Man muss schon sehr hartnäckig sein, um einem der Verhandler Neuigkeiten zu entlocken. Um den Nationalfeiertag herum fiel der Startschuss zu den türkis-blauen Koalitionsgesprächen. Die Order, die von den beiden Verhandlungschefs Sebastian Kurz und Heinz-Christian Strache ausgegeben wurde, war unmissverständlich: Melden sich Journalisten, hieß es sinngemäß, hebe man lieber nicht ab oder drücke am besten gleich das Gespräch weg. Aus Angst, als Plaudertasche überführt zu werden, halten die rund 150 Verhandler weitgehend dicht.

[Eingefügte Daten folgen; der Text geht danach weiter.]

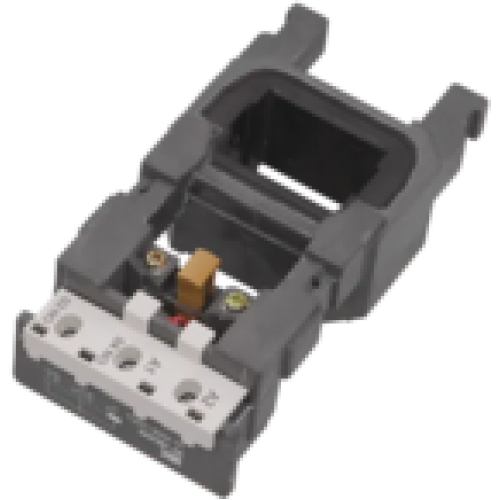 IEK Катушка управления КУ-(185А-225А) 230В (KKT50D-KU-225-230)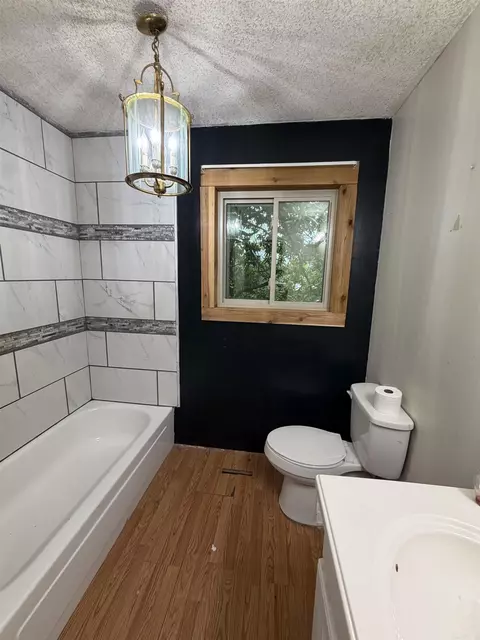 3013 Salem Rd, Benton, AR 72019 photo 6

Dass der Maulkorberlass nicht unterlaufen wird, ist ein gewaltiger Fortschritt. Bei den letzten Koalitionsverhandlungen waren SPÖ oder ÖVP stets versucht, Indiskretionen über das Einknicken der jeweils anderen Seite nach außen zu spielen. Mangels Neuigkeiten schießen dafür diesmal Gerüchte und Spekulationen über angeblich oder tatsächlich fixierte Einzelmaßnahmen ins Kraut - dass die Ambulanzgebühr eingeführt, der Hunderter auf Autobahnen abgeschafft, das Rauchverbot wieder zurückgenommen, das Heeresbudget dramatisch aufgestockt, bei Heimbewohnern das 13. und 14. Gehalt einbehalten wird. Personalspekulationen regen ganz besonders die Fantasie an. Jüngstes Gerücht: Karin Kneissl, die bekannte Nahostexpertin, wird Außenministerin, Lotterievorstand Bettina Glatz-Kremsner Finanz- oder Wirtschaftsministerin, Ex-Rechnungshofpräsident Josef Moser Kanzleramts- und Reformminister. Das Problem dabei: Über die Ministerliste ist bisher noch gar nicht wirklich gesprochen worden.

Widersprüchliche Aussagen

Die Fortschritte in den 25 Verhandlungsgruppen sind höchst widersprüchlich. „Wir sind fast fertig“, heißt es in einer Gruppe. „Ob die Chefs die Vorschläge übernehmen, wissen wir nicht.“ Anders der Tenor in einer anderen Runde. „Wir wissen gar nicht, worüber wir im Detail reden sollen. Wir warten auf Anordnung von oben.“ Und in einer dritten Gruppe vernimmt man: „Worüber sollen wir überhaupt reden? Das Resultat hat man uns schon vorgelegt.“

Diese scheinbare Kakofonie hat einen handfesten Grund: Nur Kurz und Strache sowie deren engste Vertraute, die in der Steuerungsgruppe sitzen, haben den Überblick. Genereller Eindruck: Das Klima ist gut, die Fortschritte sind mager, weil sich die FPÖ kein zweites Mal über den Tisch ziehen lassen will wie 2000 unter Wolfgang Schüssel - und diesmal auf Nummer sicher geht. „Wir drehen extrem viele Schleifen“, so einer der ÖVP-Verhandler. Bis Weihnachten will man fertig sein. Kommentar von Bundespräsident Alexander Van der Bellen gestern in Rom: „Mir fehlt das Neue. Darauf warte ich noch.“ Einer der wenigen Punkte, der nach Informationen der Kleinen Zeitung fix zu sein scheint: Zwischen ÖVP und FPÖ gibt es einen Konsens über die Zusammenlegung der Krankenkassen.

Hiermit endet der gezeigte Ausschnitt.